Today's KNOWLEDGE Share : Marie Curie-The Nobel prize in 1911

Today's KNOWLEDGE Share

Marie Curie, née Skłodowska-The Nobel prize in 1911


Marie Curie was a physicist and chemist who became the first woman to win a Nobel prize. Along with her husband Pierre, she discovered two elements: polonium and radium. She also carried out pioneering research into radioactivity.


Born Maria Skłodowska in Warsaw on 7 November 1867, Marie moved to Paris in 1891 to study physics, chemistry and maths at the University of Paris, where she earned two degrees, supporting herself through her studies by tutoring in the evenings. There she met Pierre Curie, who worked at the university, and they married in 1895. The couple set up a joint laboratory in a basement, building their own equipment for their experiments. At the time no one knew about the effects of radioactivity on the body, so they handled the elements they used in their research without any of the precautions or protective clothing we would use today. Marie even kept vials of what she was working on in her pockets or her desk drawers. More than 100 years after their discoveries, the couple’s notebooks are still so radioactive they have to be kept in lead-lined boxes and handled only while wearing protective clothing.

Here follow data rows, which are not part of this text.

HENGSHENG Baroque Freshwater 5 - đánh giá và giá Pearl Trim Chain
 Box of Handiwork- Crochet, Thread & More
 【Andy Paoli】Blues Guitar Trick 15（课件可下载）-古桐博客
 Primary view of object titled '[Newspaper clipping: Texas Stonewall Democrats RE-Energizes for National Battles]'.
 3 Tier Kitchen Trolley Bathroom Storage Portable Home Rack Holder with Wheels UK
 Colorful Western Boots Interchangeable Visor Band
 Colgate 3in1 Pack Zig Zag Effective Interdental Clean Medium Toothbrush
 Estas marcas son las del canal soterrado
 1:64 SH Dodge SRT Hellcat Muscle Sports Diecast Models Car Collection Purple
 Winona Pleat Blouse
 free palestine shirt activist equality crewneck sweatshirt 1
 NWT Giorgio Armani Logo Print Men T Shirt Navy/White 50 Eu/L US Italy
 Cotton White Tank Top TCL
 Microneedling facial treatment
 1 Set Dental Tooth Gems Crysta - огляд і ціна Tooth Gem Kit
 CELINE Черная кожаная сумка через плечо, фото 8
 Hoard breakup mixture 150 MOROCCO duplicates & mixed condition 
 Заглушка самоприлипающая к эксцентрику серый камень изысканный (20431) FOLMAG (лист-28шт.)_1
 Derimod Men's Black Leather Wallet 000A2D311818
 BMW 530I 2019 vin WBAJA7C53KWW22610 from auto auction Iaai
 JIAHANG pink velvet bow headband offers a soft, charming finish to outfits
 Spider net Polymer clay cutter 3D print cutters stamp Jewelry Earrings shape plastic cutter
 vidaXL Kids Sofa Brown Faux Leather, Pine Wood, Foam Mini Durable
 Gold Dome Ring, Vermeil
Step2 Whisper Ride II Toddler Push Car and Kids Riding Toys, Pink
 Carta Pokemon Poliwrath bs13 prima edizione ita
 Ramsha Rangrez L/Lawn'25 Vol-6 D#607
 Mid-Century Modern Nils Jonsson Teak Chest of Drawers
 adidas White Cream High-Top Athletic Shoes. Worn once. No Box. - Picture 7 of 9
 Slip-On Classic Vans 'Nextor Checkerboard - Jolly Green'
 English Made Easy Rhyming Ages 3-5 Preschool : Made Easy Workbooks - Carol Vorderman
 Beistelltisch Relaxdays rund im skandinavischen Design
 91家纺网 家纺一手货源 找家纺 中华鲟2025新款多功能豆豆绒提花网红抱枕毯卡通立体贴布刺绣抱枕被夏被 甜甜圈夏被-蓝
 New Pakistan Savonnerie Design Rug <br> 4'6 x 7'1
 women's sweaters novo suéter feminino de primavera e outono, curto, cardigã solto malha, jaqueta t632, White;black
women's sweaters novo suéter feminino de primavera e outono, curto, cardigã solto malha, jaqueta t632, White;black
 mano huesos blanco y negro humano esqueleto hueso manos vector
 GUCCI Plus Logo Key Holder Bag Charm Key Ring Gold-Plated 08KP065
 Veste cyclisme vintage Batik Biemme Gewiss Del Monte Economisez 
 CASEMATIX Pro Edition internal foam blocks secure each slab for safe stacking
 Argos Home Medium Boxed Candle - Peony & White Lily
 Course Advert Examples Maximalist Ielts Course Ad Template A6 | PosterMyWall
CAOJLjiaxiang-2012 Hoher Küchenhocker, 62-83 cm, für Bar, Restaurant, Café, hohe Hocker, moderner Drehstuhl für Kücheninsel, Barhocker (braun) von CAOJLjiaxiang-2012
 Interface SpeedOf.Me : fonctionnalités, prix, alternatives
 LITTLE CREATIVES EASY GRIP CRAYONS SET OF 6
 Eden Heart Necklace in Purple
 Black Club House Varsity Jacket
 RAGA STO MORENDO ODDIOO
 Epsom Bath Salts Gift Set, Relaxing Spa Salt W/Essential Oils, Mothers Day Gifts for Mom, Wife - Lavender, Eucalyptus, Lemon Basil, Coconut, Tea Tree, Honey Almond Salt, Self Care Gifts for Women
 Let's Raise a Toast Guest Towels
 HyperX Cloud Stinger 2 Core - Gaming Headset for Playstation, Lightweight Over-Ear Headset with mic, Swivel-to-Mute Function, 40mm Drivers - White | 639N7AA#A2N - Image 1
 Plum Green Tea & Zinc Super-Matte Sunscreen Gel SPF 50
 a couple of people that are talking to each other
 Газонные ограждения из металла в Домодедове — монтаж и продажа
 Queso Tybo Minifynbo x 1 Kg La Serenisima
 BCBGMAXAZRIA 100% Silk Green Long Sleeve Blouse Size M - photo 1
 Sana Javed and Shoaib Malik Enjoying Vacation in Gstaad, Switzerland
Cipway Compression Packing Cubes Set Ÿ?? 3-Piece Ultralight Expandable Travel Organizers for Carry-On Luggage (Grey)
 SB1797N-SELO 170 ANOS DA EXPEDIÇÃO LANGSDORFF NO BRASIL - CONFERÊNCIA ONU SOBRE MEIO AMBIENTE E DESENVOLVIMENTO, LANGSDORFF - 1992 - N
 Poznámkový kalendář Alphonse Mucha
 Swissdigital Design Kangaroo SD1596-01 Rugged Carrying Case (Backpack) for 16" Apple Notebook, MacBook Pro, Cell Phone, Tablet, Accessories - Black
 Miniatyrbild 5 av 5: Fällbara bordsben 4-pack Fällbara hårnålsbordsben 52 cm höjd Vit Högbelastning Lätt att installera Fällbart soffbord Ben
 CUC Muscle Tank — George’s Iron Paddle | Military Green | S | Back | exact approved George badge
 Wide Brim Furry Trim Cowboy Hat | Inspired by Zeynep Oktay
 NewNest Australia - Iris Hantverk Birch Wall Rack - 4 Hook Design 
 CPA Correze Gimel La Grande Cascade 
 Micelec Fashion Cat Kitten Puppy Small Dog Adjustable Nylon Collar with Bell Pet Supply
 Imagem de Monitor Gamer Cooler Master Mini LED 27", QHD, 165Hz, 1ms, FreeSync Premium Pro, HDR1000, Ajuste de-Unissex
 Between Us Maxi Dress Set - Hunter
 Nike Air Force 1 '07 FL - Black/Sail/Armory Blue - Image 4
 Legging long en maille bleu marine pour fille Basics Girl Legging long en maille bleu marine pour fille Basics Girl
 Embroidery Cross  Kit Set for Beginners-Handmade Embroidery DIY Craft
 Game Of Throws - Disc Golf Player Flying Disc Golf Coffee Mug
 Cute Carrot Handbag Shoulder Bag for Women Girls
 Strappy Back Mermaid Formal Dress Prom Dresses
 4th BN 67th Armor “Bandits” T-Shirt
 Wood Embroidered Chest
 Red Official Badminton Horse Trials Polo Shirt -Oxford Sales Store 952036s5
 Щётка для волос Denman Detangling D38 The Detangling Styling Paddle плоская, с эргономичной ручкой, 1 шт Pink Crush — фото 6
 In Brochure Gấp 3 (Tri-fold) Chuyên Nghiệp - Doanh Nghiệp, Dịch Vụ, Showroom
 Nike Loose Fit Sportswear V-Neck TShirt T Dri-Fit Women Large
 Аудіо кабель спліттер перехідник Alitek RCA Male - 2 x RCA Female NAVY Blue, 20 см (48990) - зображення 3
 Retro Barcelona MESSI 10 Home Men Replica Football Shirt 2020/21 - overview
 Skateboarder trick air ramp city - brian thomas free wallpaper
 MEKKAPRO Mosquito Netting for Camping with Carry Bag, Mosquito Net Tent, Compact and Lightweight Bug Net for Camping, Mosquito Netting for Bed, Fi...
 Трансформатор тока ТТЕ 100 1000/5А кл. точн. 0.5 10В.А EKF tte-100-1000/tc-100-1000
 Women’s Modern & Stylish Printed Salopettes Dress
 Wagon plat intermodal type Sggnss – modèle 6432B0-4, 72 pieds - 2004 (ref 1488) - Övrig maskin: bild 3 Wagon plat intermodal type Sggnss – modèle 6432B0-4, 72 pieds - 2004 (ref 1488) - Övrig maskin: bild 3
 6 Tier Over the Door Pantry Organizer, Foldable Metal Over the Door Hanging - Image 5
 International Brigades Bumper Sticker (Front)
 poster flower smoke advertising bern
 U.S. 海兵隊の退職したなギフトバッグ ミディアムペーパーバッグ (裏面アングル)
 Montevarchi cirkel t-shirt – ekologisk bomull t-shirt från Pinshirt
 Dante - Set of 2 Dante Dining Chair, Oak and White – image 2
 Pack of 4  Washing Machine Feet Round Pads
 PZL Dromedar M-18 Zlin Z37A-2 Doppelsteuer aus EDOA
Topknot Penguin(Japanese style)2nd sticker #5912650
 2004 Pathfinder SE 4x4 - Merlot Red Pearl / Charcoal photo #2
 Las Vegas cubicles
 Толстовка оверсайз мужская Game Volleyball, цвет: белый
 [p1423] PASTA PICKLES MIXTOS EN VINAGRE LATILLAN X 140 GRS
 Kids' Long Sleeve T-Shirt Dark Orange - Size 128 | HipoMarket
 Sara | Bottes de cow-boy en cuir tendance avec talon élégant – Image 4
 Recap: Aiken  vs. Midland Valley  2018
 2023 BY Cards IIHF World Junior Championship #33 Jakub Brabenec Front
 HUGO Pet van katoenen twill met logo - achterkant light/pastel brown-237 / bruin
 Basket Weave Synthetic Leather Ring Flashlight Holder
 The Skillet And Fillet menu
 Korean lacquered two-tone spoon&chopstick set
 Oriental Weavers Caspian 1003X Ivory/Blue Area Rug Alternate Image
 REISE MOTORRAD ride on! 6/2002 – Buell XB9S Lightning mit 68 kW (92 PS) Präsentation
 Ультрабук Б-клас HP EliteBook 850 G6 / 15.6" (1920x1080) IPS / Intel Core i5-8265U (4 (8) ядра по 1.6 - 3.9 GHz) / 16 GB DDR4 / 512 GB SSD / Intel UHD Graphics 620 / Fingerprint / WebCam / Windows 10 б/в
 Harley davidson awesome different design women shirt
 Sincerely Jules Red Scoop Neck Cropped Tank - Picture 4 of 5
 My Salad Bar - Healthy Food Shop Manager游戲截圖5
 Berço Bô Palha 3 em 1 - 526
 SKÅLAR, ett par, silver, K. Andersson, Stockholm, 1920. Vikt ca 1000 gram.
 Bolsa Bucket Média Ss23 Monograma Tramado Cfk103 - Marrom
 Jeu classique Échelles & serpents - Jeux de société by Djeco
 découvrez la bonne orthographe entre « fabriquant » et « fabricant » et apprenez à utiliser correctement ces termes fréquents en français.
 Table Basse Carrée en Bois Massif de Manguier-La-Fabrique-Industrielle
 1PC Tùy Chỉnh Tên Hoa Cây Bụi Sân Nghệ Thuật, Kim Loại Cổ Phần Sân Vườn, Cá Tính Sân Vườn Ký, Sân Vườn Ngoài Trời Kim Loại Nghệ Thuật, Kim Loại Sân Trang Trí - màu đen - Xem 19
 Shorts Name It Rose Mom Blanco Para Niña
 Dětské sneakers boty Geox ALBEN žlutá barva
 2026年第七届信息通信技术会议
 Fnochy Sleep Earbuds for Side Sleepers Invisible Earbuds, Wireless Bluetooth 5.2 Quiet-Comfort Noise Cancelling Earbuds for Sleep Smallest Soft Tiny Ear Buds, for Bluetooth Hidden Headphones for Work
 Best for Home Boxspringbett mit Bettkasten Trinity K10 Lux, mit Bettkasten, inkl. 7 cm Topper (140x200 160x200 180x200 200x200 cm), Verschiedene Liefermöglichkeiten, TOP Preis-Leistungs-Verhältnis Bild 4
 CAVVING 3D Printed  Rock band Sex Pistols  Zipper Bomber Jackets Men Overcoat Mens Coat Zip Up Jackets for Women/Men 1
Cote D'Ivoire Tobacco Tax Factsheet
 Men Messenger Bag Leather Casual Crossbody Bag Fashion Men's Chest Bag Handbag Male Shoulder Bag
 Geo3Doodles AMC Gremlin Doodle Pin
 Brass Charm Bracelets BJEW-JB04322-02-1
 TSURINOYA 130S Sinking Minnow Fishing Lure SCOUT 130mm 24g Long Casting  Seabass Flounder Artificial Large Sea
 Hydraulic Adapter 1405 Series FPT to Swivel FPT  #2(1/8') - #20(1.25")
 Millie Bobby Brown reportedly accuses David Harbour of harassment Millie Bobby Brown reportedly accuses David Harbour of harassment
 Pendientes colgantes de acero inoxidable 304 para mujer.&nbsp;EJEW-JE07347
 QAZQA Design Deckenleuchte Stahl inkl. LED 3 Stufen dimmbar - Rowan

1898 was a busy year for the couple. Marie had been investigating the unusual properties of pitchblende, a black mineral that is rich in uranium. Two years earlier Henri Becquerel had discovered that uranium salts gave off rays that could penetrate objects in a similar way to the newly discovered X rays, but Marie had noticed that pitchblende gave off much more of what she later called radioactivity than would be expected if uranium alone was to blame.


Excited by Marie’s work, Pierre stopped his own research into crystals to help her grind down tonnes of the mineral in search of an answer. That July, the couple announced the discovery of the element polonium, which they named after Marie’s native Poland. But it still didn’t explain all of the radiation seen in pitchblende. Then, on 26 December, they announced the discovery of a second new element: radium. It took Marie another 12 years before she could isolate pure metal radium from pitchblende and definitively prove its existence.


The couple’s work on radioactivity won them a share of the Nobel prize in physics in 1903, alongside Becquerel, making Marie the first woman to win a Nobel prize. It almost didn’t happen – the Nobel committee wanted to honour only Pierre and Becquerel, but Pierre, alerted in advance, complained and Marie’s name was added. She also won the Nobel prize in chemistry, in 1911, for the discovery of radium and polonium, and the isolation of radium. With this she became the first person to win two Nobel prizes. She is still the only person to have won two Nobels in two different scientific fields.